It’s good to be back for a second post. I have enjoyed reading all your comments on my first post about MS in South America (In case you missed it!). A lot has happened since then. This training programme has pushed me out of my comfort zone and has triggered my interest in and passion for addressing health inequalities. As always, the proof of the pudding is in the eating! Here is my new post on Social Capital.
THE UNEXPLORED ROLE OF SOCIAL CAPITAL IN MS
While previous studies have shown mixed results, emerging evidence suggests that there is an association between higher income inequality and worse health outcomes. Despite global progress in reducing poverty, inequality continues to persist and large disparities remain in health outcomes. Accordingly, researchers have become increasingly interested in exploring the effects of the socio-economic environment on individual and public health. Although the impact of social conditions on health equity is well documented, there is no consensus as to the relative importance of each factor. Many determinants are involved and, among them, social capital has emerged as one of the most interesting old ideas being revisited from a new perspective.
The social capital concept emerged in sociology early in the past century. Social capital refers to the resources derived from the cooperation between individuals and groups. It has been hypothesized to partially explain how social conditions influence health and mortality. More recently, the concept of social capital has become the subject of intense discussion, as it may represent a pathway by which public health interventions lead to health improvement. The exact nature and magnitude of these effects remain controversial as there is no standardized method to measure social capital. However, there are several tools that attempt to address its multidimensional nature.
Many types of social capital are theoretically possible, but an important distinction that should be made is between its cognitive and structural components. The structural dimension is derived from the “visible” forms of social capital and consists of networks, relationships, associations, institutions and organizations that link individuals and communities. On the other hand, the cognitive component refers to the quality of those social structures in terms of peoples’ perceptions of trust, sharing and reciprocity. The different dimensions of social capital are not necessarily mutually exclusive; they are all immersed within a multi-level analytical framework. As many social aspects are encompassed under the same concept, oversimplification and overstandardization are both equally dangerous for social capital research.
Neurological disorders represent a large burden on worldwide health. Patients with neurological conditions are embedded in social networks that may affect their outcomes. This effect has been postulated to modify the risk of dementia and the long-term prognosis in patients with stroke. Regardless of the growing recognition of the role of social capital in chronic diseases, not enough attention has been paid to its potential impact on other disabling neurological conditions such as MS.

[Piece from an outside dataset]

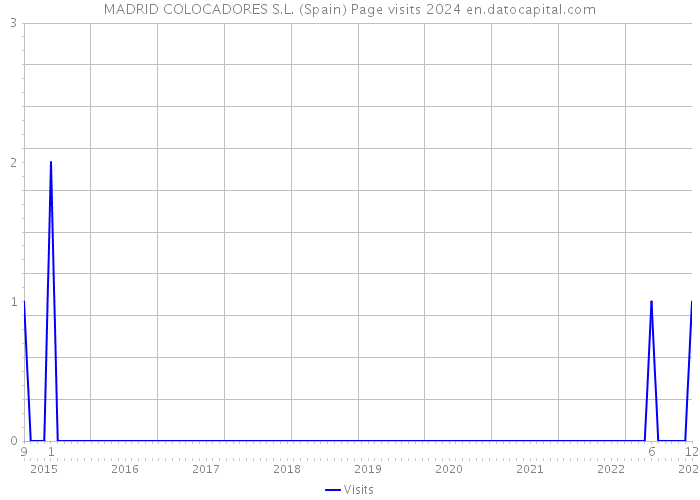 MADRID COLOCADORES S.L. (Spain) Page visits 2024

A few researchers have explored the relationship between social support and quality of life in patients with MS. However, and to the best of our knowledge, only one study has specifically focused on social capital. The results of this study showed that in patients with MS, quality of life and social capital are somehow related. This study only evaluated one potential target. Many questions remain to be explored in our understanding of how social capital may lead to either positive or negative consequences for patients with MS.
Addressing health inequality matters! Addressing social capital matters too!!